Although genome-wide proteomic approaches are rapidly improving, the most widely available and cost-effective genome-wide expression data is still collected at the mRNA level. These experiments are carried out using either microarrays or more recently RNA sequencing (RNA-seq) (Wang et al., 2009
). Commonly, studies examine cells under different experimental conditions such as control versus drug treated, disease versus normal states or as a time-series, for example, during cell differentiation. Since quantitative changes in mRNA levels do not directly explain how cell signaling mechanisms are altered to induce changes in gene expression, and in turn lead to changes in cellular phenotype, identification of such upstream regulatory mechanisms has been the focus of many computational systems biology studies. Such understanding will enable us, among other things, to better control cell behavior with small molecules, and in turn translate such ability to therapeutics. Most popular approaches for data interpretation of changes in genome-wide gene expression include promoter analysis (Matys et al., 2006
; Portales-Casamar et al., 2010
), gene ontology (The Gene Ontology Consortium) or pathway enrichment analyses (Kanehisa et al., 2010
), as well as reverse engineering of networks from mRNA expression data (Margolin et al., 2006
). The ultimate goal of many of these approaches is to identify and rank potential target genes/proteins that if knocked down or overexpressed would explain the observed changes by, for example, reversing them. Such proteins may ultimately become drug targets. Here, we present a rational approach called Expression2Kinases (X2K) to identify and rank putative transcription factors, protein complexes and protein kinase that are likely responsible for the observed changes in genome-wide mRNA expression. By combining data from chromatin immuno-precipitation (ChIP)-seq/chip experiments and/or position weight matrices (PWMs), protein–protein interactions and kinase–substrate protein phosphorylation reactions, we demonstrate how we can better identify regulatory mechanisms responsible for genome-wide differences in gene expression. The idea is to first infer the most likely transcription factors that regulate the differences in gene expression, then use protein–protein interactions to connect the identified transcription factors using additional proteins to build transcriptional regulatory subnetworks centered on these factors and finally use kinase–substrate protein phosphorylation reactions to identify and rank candidate protein kinases that most likely regulate the formation of the identified transcriptional complexes ().

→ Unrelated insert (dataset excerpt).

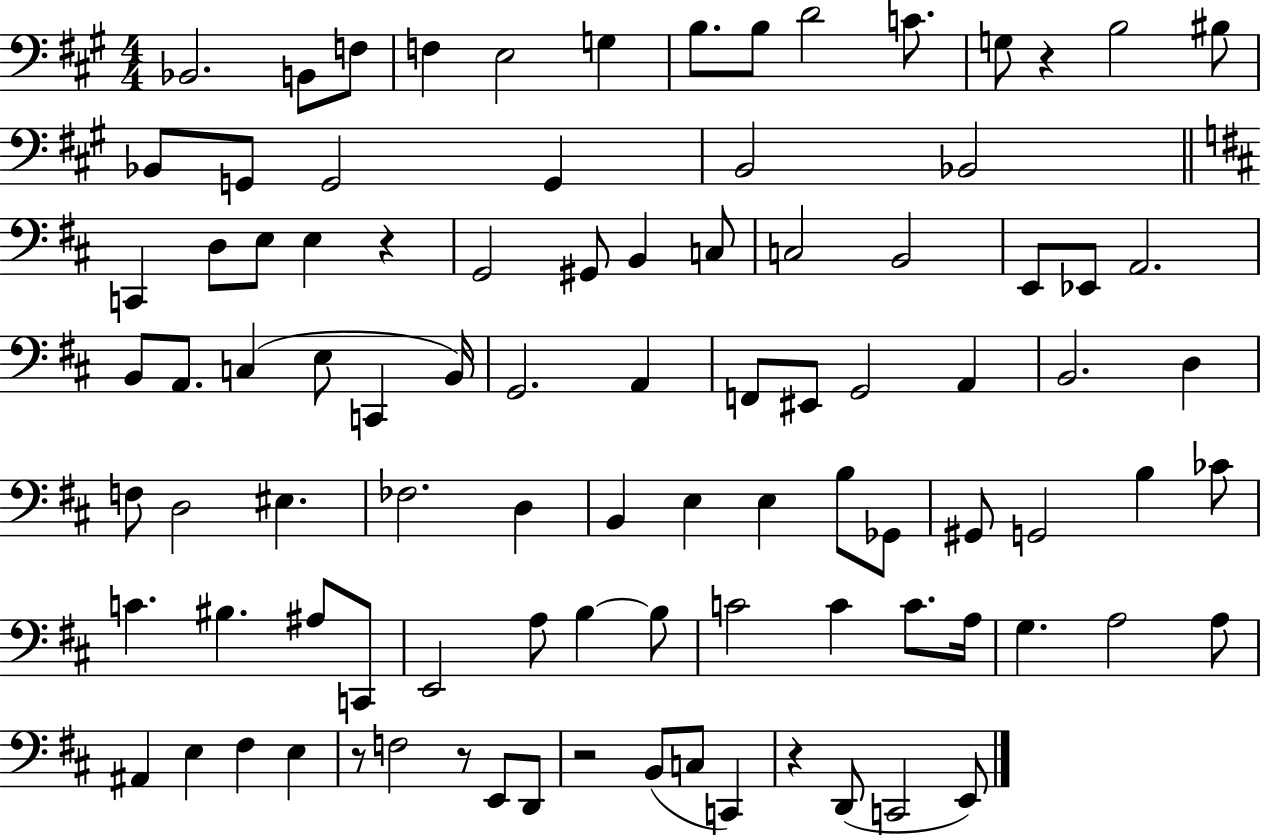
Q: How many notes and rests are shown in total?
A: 94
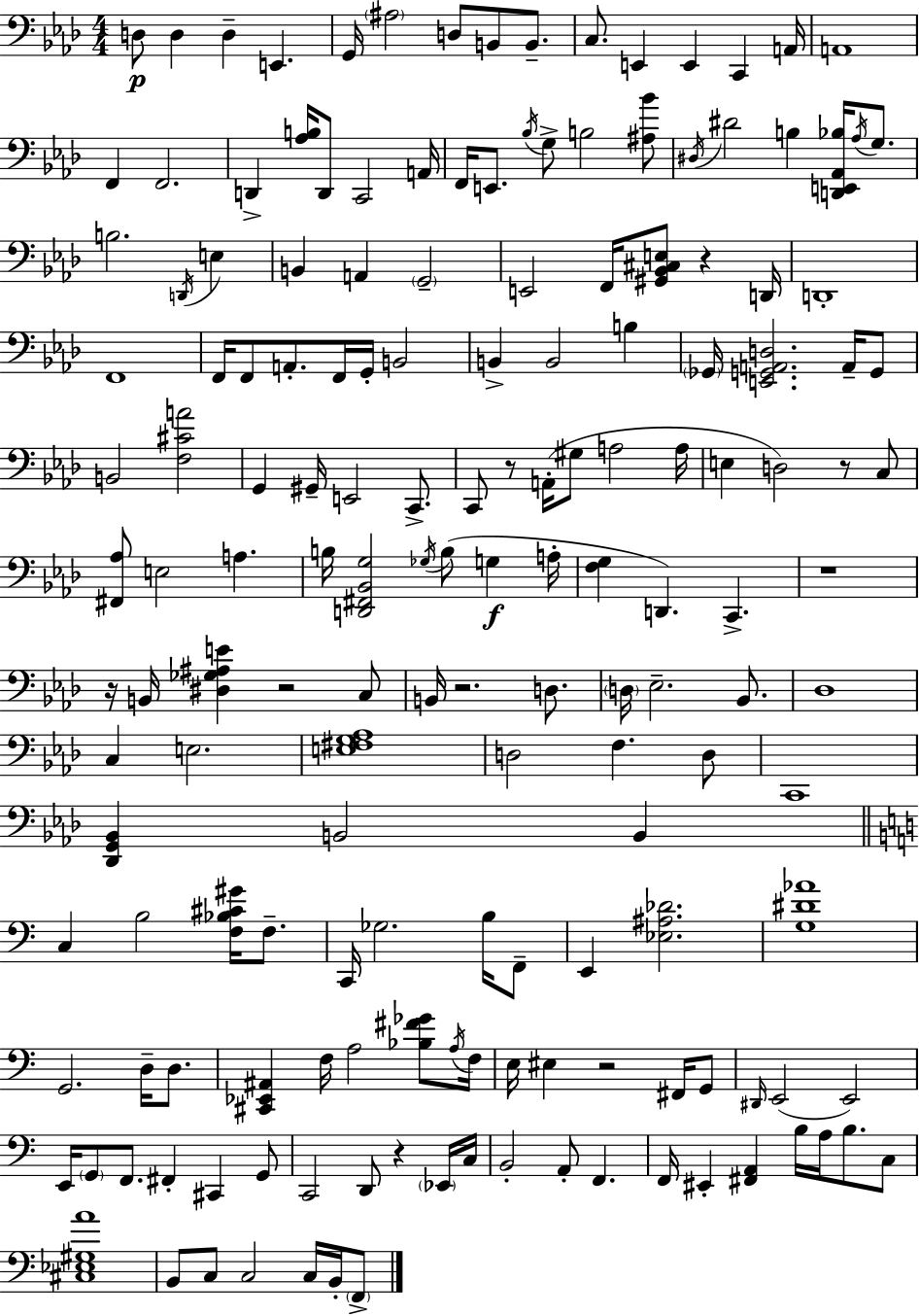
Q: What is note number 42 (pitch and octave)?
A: F2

We show how transcription factors, protein complexes and protein kinase candidate identification and ranking are inferred robustly by cross-validating the method with additional data such as those from drug perturbations followed by genome-wide mRNA expression profiling. Furthermore, we demonstrate the application of the method to in several case studies, where we developed several visualization methods that present a global view of cell-fate trajectories at different layers of regulation. All together, X2K can rapidly advance our understanding of cell signaling networks' regulation of gene expression by utilizing different modalities of prior knowledge. The X2K approach can assist in drug target discovery and help in unraveling drug mechanisms of action.